Thanks for any advice you can give.


----------



## 2xg (Aug 5, 2009)

Hello and welcome to TSF!

Pls. restart your computer and boot up to Safe Mode with Networking. In here, try to wireless connect to the Internet.

While in the Safe Mode, pls check something from Device Manager.
Click on Start, right click My Computer => Properties => Hardware tab => Device Manager => find your Network Adapters or Network Controller and expand it. Do you see any symbols here with a ! or ?

Pls. post update.


----------



## blmpclrk (May 31, 2008)

I did as you said and it still won't connect in safe mode with networking.

Looking in device manager there there are no symbols. It's still showing "This device is working properly."

Any more suggestions?

Thanks you.


----------



## 2xg (Aug 5, 2009)

More troubleshooting tips for you to try in this Order. You may stop and there's no need to proceed if it works:

Is your computer the only one that's experiencing this issue?

Try removing all wireless profiles stored in your computer and re-connect to your home wireless network, make sure that you have the correct encryption needed if your wireless is secured.
Here's a guide=> Click on Start select Control Panel. Select the Network and Internet option and then click the Network and Sharing Center. In the tasks on the left click Manage Wireless Networks. Click your network name in the list, then right-click and select Remove Network. This will clear out the profile. Then go back to the Network and Sharing Center and click Connect to a network and reconnect to your network.

Pls. disable any Firewall or Security Software such as Norton, zone alarm if you have any.

If none of the above works, is there a USB wireless ethernet adapter that you can borrow nearby, then install it in your computer just to test the wireless connection?

Pls. post update.


----------



## blmpclrk (May 31, 2008)

_Is your computer the only one that's experiencing this issue?_

Yes. My friend's computer is not having any problems connecting to the wireless network at all. Another friend also came by and was able to connect theirs with no issues.

_Try removing all wireless profiles stored in your computer and re-connect to your home wireless network, make sure that you have the correct encryption needed if your wireless is secured.
Here's a guide=> Click on Start select Control Panel. Select the Network and Internet option and then click the Network and Sharing Center. In the tasks on the left click Manage Wireless Networks. Click your network name in the list, then right-click and select Remove Network. This will clear out the profile.
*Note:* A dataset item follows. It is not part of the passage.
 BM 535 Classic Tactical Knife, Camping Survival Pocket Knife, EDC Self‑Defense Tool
Then go back to the Network and Sharing Center and click Connect to a network and reconnect to your network.
_

I did as you said and when I got to the "Manage Wireless Networks" there were none at all there to manage. Just to clarify my problem, my wireless card even though it appears to be "working properly", is not detecting ANY networks at all.

Thanks again for responding and I look forward to any more suggestions. This is really frustrating.


----------



## 2xg (Aug 5, 2009)

Have you tried these last 2 that I suggested?
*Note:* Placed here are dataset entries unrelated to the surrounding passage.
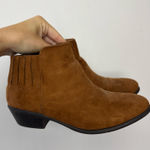 Charlotte Russe  Brown Suede Ankle Boots Photo 0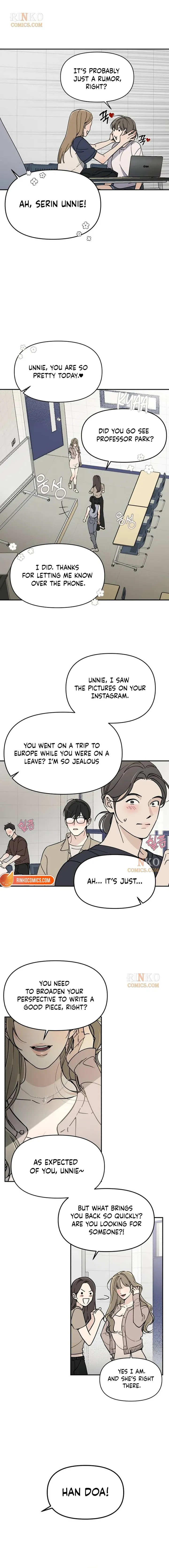 Unofficial Campus Couple Chapter 1 page 5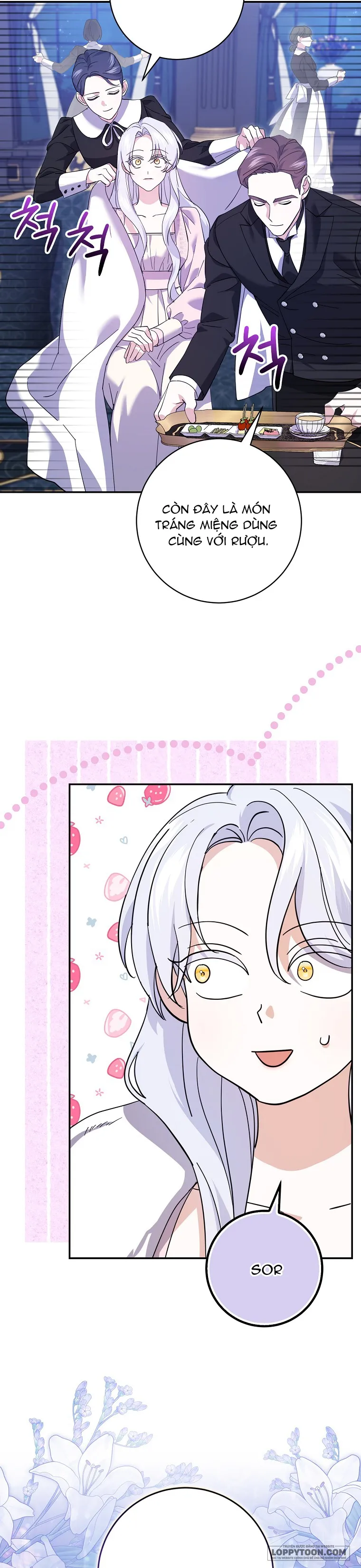 Vị Hôn Phu Phản Diện Cản Trở Con Đường Hoa Của Tôi Chap 22 - trang 9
Pls. disable any Firewall or Security Software such as Norton, zone alarm if you have any.

If none of the above works, is there a USB wireless ethernet adapter that you can borrow nearby, then install it in your computer just to test the wireless connection?


----------



## johnwill (Sep 26, 2002)

Download and run this Xirrus Wi-Fi Inspector, paste a screen shot of the *Network* screen here.
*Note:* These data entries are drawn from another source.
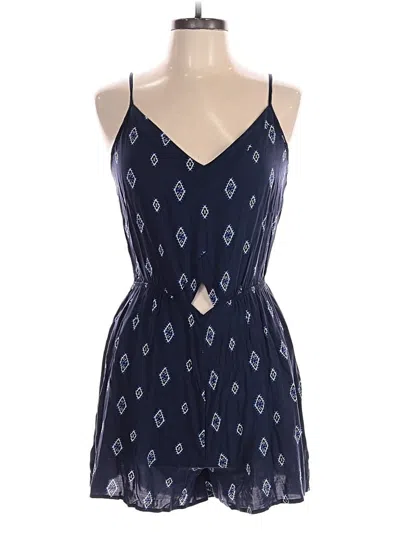Pre-owned Eyeshadow Casual Dress In Blue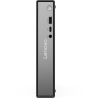 Lenovo ThinkCentre neo 50q QC 16 GB LPDDR5x-SDRAM 512 GB SSD Windows 11 Pro Mini PC Fekete (13C8001EGE)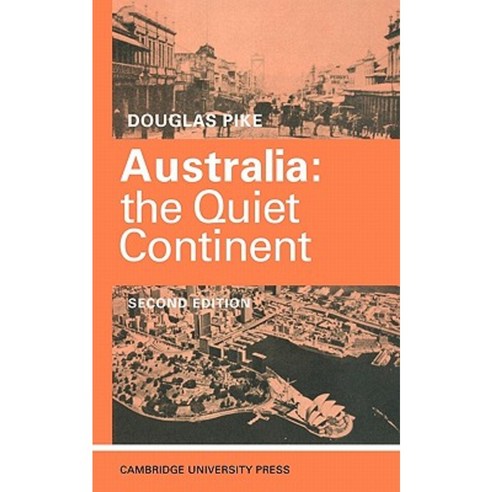 Australia:The Quiet Continent, Cambridge University Press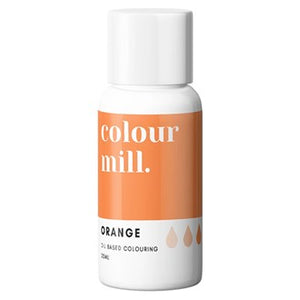 Colour Mill Oil Based Colouring 20ml Orange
To post a screen shot of the active window, hold the _*Alt*_ key and press the *PrtScn* key. Open the Windows PAINT application and _*Paste*_ the screen shot. You can then use PAINT to trim to suit, and save it as a JPG format file. To upload it to the forum, open the full reply window and use the _*Manage Attachments*_ button to upload it here.


----------



## blmpclrk (May 31, 2008)

2xgrump said:


> Have you tried these last 2 that I suggested?
> 
> Pls. disable any Firewall or Security Software such as Norton, zone alarm if you have any.
> 
> If none of the above works, is there a USB wireless ethernet adapter that you can borrow nearby, then install it in your computer just to test the wireless connection?


Sorry I didn't include answers to these before.

I use Kaspersky and yes I disabled it also.

I don't have access to a USB wireless ethernet adapter. Sorry.

Thanks for the quick reply.


----------



## 2xg (Aug 5, 2009)

We'll wait for the Xirrus Wi-Fi Report then we'll proceed for more troubleshooting.


----------



## blmpclrk (May 31, 2008)

This looks like a cool utility. I'll paste a shot of the screen if you think it's necessary but it doesn't show anything. Everything is N/A and no networks are showing up at all.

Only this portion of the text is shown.